First, we agree that what Joseph Smith reportedly translated from the KPs per Clayton overlaps what the GAEL says in the definition it assigns to the character it calls "ho-e-oop-hah."
So,
If--for the sake of assessing the GAEL translation model's viability, we grant, that Smith identified the boat-shaped "ho-e-oop-hah" as a match with the big boat-shaped character from the Kinderhook plates, this would have identified those plates as pertaining to a king who was a descendant of Pharaoh, etc.
In light of this, how would Smith have or have not related the Kinderhook plates with the Book of Mormon? A Book of Mormon-based anthropology of the ancient Americas provides precisely three groups to whom those plates could have been related. In the abstract, Smith could have connected to the Kinderhook plates to any of these three groups: 1) the Lehites, 2) the Mulekites, and 3) the Jaredites. Yet, although with no prior point of reference Smith could have connected the KPs with any of these three groups, once he matched the boat-shaped character with "ho-e-oop-hah," this would have provided new, limiting data. Since the ho-e-oop-hah connection would relate the plates to a descendant of Pharaoh, and therefore, in biblical and Mormon anthropology, not to an Israelite but to a "Hamite," this would have ruled out the Lehites and the Mulekites, who, as Israelites, were not descendants of Pharaoh or "Hamites." The only group it would not have ruled out from the Book of Mormon is the Jaredites.
So, the GAEL-translation model accounts directly for the identification of Kinderhook plates with the Jaredites
from the very modus operandi of the translation.
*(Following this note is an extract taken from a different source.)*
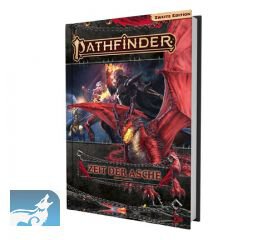 Pathfinder 2 - Zeit der Asche (Abenteuerpfad)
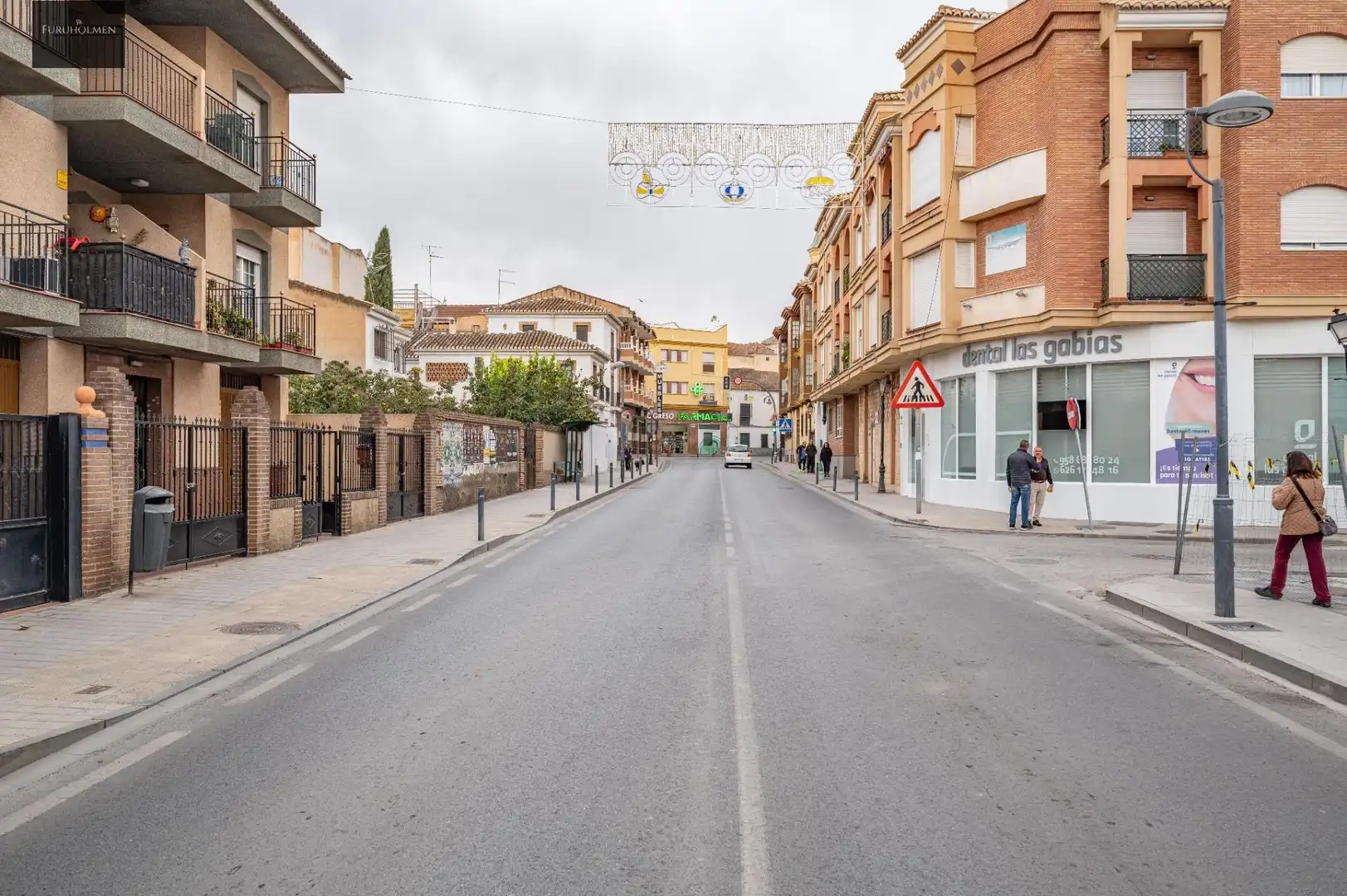 Terrenos y solares en venta en Las Flores - Huerta, imagen 6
That is, given the translation MO of connecting this GAEL character with a character on the KPs, there is no other conclusion Smith could reasonably draw. This is the one it leads directly to. Hence, no additional assumptions are needed, nor any additional steps needed. Translating from the Kinderhook plates via matching to ho-e-oop-hah just
means the translation content would imply that those plates were about Jaredites. The Kinderhook plates being Jaredite in nature follows from this mode of translation not merely as one
possible outcome among others but, rather, as a
necessary outcome since the translation content derived in this way
rules out the Lehites and the Mulekites. Since this model for Smith's translation from the Kinderhook plates accounts both for why those plates were identified with the Jaredites
rather than with the Lehites or Mulekites,
and for why Smith said they were about a kingly descendant of Pharaoh and possessor of heaven and earth, it leaves no explanatory remainder. Since it requires no further assumptions or steps, nor explanatory remainder on either of those matters, this a textbook case of a parsimonious explanation.
So, take this as a measure of the challenge I'm laying out for your two hypotheses that Smith compared the KPs to the gold plates transcript and translated from them by revelation. To meet such a challenge, it wouldn't do to speculatively pile stage upon stage, or step upon step, assumption upon assumption to get from Joseph Smith matching the KPs to the Nephite characters and translating them by revelation to them being a Jaredite record about a king descended from Pharaoh and possessor of heaven and earth.
That's too complicated an explanation beside the GAEL translation model. This model--that Joseph Smith compared the KP character with ho-e-oop-hah--disposes of all those data points in one fell swoop, making Smith's character comparison reported by Emmons
the same thing as his translation of them--a simpler explanation for what on your theory are distinct processes, accounts for the reported translation content, accounting for the plates being Jaredite, and even for Smith's otherwise incongruous connection of Jaredites with Egyptians. And it accounts for all this from Smith taking the action of comparing the Kinderhook plates with the GAEL's ho-e-oop-hah.
That's a very economical explanation. So, since history is inference to the
best explanation, the challenge I'm posing is to show that the alternative hypothesis can do the
same explanatory work
as economically. Alternatively, you could abandon that hypothesis in favor of the better one that actually does this explanatory work. If you're aiming for that level of explanation, then I'd propose that positing a complicated series of maybes with all sorts of steps and assumptions, and that doesn't explain why Smith got
this exact Jaredite, descendant of Pharaoh, heaven and earth content won't get you there.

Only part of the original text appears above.